I just finished another little fun project. I used left over oak pieces to do this little keepsake box, adding a couple of acorns for knob holds and a genuine acorn cap for the opening knob on the front; glued on with 5 min. epoxy gel. The half blind dovetails on the ends were so lose and so bad I was going to trash the thing and try something else. Next day I decided to try making a mix of wood glue and sawdust to make a heavier paste to fill the sloppy joints and see if I could make it solid enough to clamp it together. Amazingly, it seemed to work; so I continued to complete this 10' X 6' X 5.5' scrap wood trinket box. I finished this one with Teak oil as is my usual preference. The top is made from two pieces of cornice mldg. ; ends closed in with pieces cut on a scroll saw. Final sanding in 240 grit and a pre-coat of wood conditioner so I get a more uniform coloring in the finish. The green felt liner is glued in with regular "clear" kitchen silicone., spread with a small putty knife.


----------



## cocobolo1 (Dec 31, 2015)

Hah! That's really cool...I like it! :smile:


----------



## Semipro (Mar 22, 2013)

very nice Reg


----------



## Stick486 (Jan 4, 2013)

I hope you are really proud of that...


----------



## Shop guy (Nov 22, 2012)

Wow! Nice box.


----------



## billyjim (Feb 11, 2012)

Great job Reg. I really like the design and the grain pattern on the back couldn't be better.


----------



## Nickp (Dec 4, 2012)

Beautiful...


----------



## schnewj (Nov 18, 2013)

Great recovery! Aren't you glad you didn't trash the project?


----------



## morgantheship (Oct 19, 2014)

Excellent work and beautiful finish.


----------



## old55 (Aug 11, 2013)

Great job Reg you should be pleased.


----------



## TwoSkies57 (Feb 23, 2009)

Ya done good Reg. Thats one of those projects folks are gonna walk up to and open up, just to check it out


----------



## Herb Stoops (Aug 28, 2012)

Reg every project I do goes into "save mode" before I finish it, and have yet to not be able to "save" it. That is the fun of it all seeing if you can rescue it from the scrap bin. You did a great job on this box, Looks like a little treasure chest, and that is what it will become I sure like the mellow color of the oak , looks wonderful. 
Good Job.

Herb


----------



## DesertRatTom (Jul 3, 2012)

That little box has a lot of charm.
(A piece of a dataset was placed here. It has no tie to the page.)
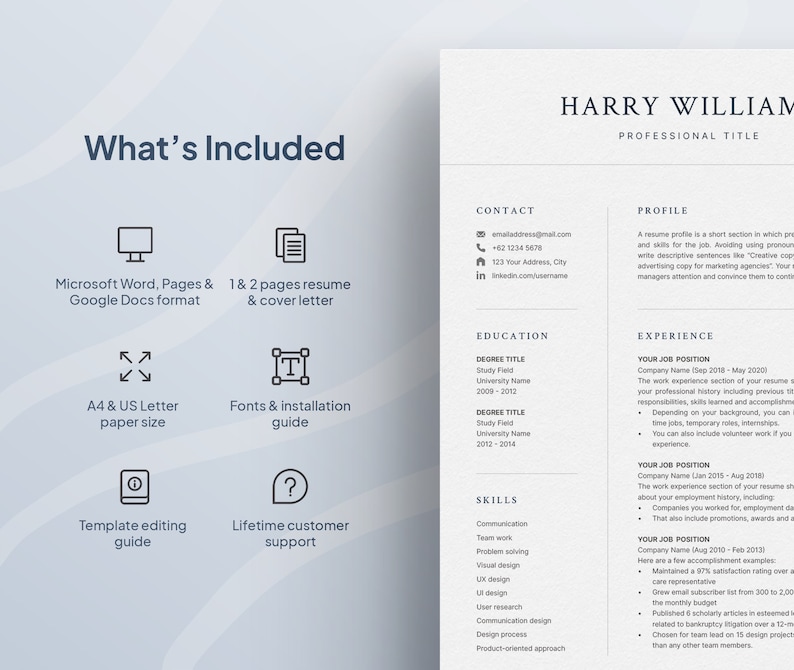May include: A resume template with a modern design. The template includes a cover letter, contact information, education, skills, and experience sections. The template is available in Microsoft Word, Pages, and Google Docs formats.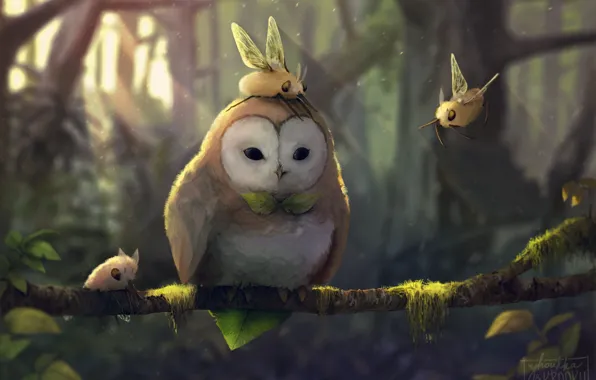 Picture tree, owl, wings, branch, art, collab, creatures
Really nice design.


----------



## Rogerdodge (Apr 24, 2014)

Nice save from the French Dovetail! ( So called because it is Toulouse ....)


Rog


----------



## bcfunburst (Jan 14, 2012)

*Thank You ALL*

Thank you all for your very kind comments and praises. I appreciate you looking in on my projects and taking the time to comment. I'm very open to learning, always trying to do better, so I'm always open to suggestions as well. Enjoy the smell of saw dust!!


----------



## Cherryville Chuck (Sep 28, 2010)

I like what you did with the two moldings. I don't think I ever would have thought of that. That gives the top a really unique shape.


----------



## marecat3 (Nov 30, 2010)

Oh my goodness that is great


----------



## Eastjack (Dec 29, 2008)

Love oak boxes like that. Great job


----------



## JFPNCM (Dec 13, 2009)

Excellent piece of work. Looking forward to your future posts. 

provides a good impetus for a new box design as well.


----------